We met with the company on a couple of occasions, discreetly. We came in after hours, under their supervision, to forensically image certain computer material. And then we went away and we looked around with access to relevant human resources files and so on, to understand this person's background and lifestyle. We did lifestyle checks, and pretty quickly you could see that there was a disconnect between the way he was living (the car he was driving, for example, particularly in a place like Singapore - that can be a fairly clear indicator) and what we knew his salary and terms were in his job.

Eventually, the more we pulled on the string, the more we found. What we discovered was a fairly systematic attempt to set up a number of different kinds of vendors to ensure that money leaked from the company. There were ghost employees in the warehousing department - people who were just on the payroll, who didn't exist. We found information technology suppliers where the contract was completely overspent - in other words, it was far more than was required. We found that this person had entered into a warehousing contract for space that wasn't required or for space far more than was required. That money was paid to companies that ultimately came back to this person. So, with family members or friends, close associates, it became clear that this person had created a sort of ecosystem around himself and around the company, which was leaking money. It was referred to the authorities for criminal investigation.

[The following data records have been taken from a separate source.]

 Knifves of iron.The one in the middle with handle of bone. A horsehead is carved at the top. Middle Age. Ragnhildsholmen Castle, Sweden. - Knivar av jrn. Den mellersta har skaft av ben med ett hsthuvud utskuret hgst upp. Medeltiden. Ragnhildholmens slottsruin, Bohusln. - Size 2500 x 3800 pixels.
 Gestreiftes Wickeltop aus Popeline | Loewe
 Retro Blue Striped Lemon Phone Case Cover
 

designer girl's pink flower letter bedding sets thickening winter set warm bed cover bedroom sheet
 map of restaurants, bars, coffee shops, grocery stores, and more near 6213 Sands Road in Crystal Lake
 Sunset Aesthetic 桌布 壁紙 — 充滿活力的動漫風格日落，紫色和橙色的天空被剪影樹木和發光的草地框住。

This wasn't as complicated as other cases, actually, because the person hadn't been all as clever as he might have been, but it took about 12 to 14 weeks, all told.

Jarrod Baker Senior managing director, FTI Consulting

"EACH investigation I have worked on is different and will generally have its own reasons for being memorable.

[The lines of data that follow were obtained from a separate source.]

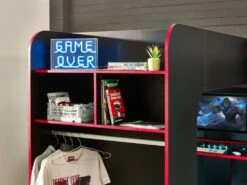 Julian Bowen Impact Gaming Bunk Bed In Black & Red -bedding sale imp001 impact gaming bunk black red detail 3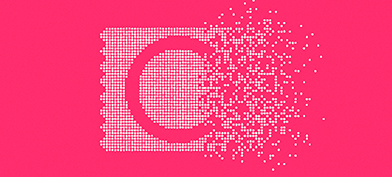 White dots arranged in a rectangular pattern scatter on the right side along a hot pink surface.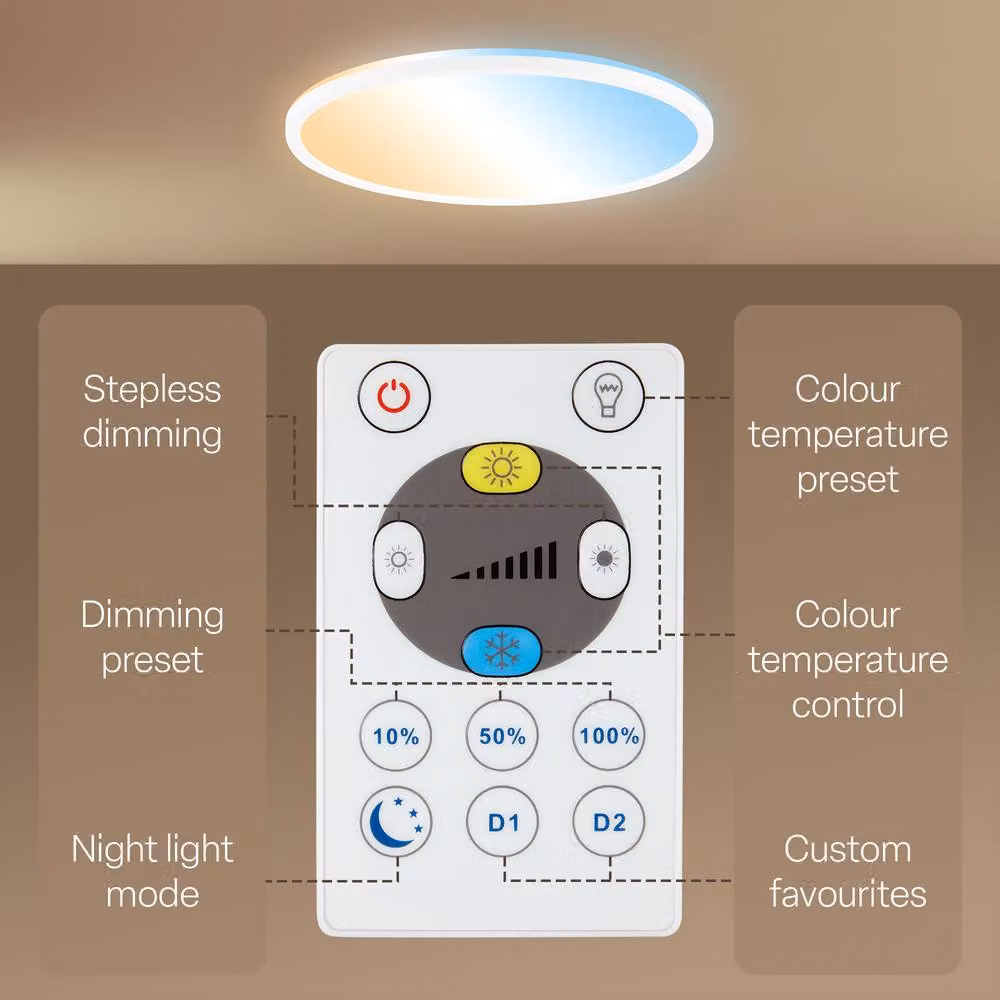 B.K.Licht White LED Slim Ceiling Panel with Remote Control, Dimmable CCT, 22W, 3000lm, IP44, W/D/H: 42 x 42 x 3 cm – 9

One investigation - which wasn't the most complex or high-profile that I have conducted - comes to mind, given that the victims were innocent investors.

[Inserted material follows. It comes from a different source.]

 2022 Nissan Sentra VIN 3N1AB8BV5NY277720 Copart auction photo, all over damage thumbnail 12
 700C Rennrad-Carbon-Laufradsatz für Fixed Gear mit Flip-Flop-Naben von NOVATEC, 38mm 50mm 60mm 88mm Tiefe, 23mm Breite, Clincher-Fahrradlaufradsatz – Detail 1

An investment adviser set up a Ponzi scheme by way of promising large returns to investors and having them sign up as legitimate clients of the reputable financial services firm he was employed by.

He provided a variety of falsified paperwork so investors would deposit funds in his own personal accounts. In turn, he would provide interest payments which were funded through money provided by other investors whom he duped.

Most of the money he received was spent on personal high-risk investments, gambling and funding a mistress.

The Ponzi scheme came to light when an investor contacted the financial services firm and started asking questions, which alerted them to a problem. In turn, the financial services firm notified the financial regulator.

I was able to help the financial services firm with its internal investigation, as it assisted the regulator, by determining how the Ponzi scheme operated and the number of investors duped, and building a profile of each of them around the funds they had deposited and returns they had received. My team and I did this by reviewing the investment adviser's emails, analysing data contained on his laptop and reviewing bank statements to piece everything together.

Building upon the work of the investigation, I also assisted in calculating compensation for those who had been defrauded.

Ultimately, the investment adviser was sent to prison and his investors were appropriately compensated by the financial services firm.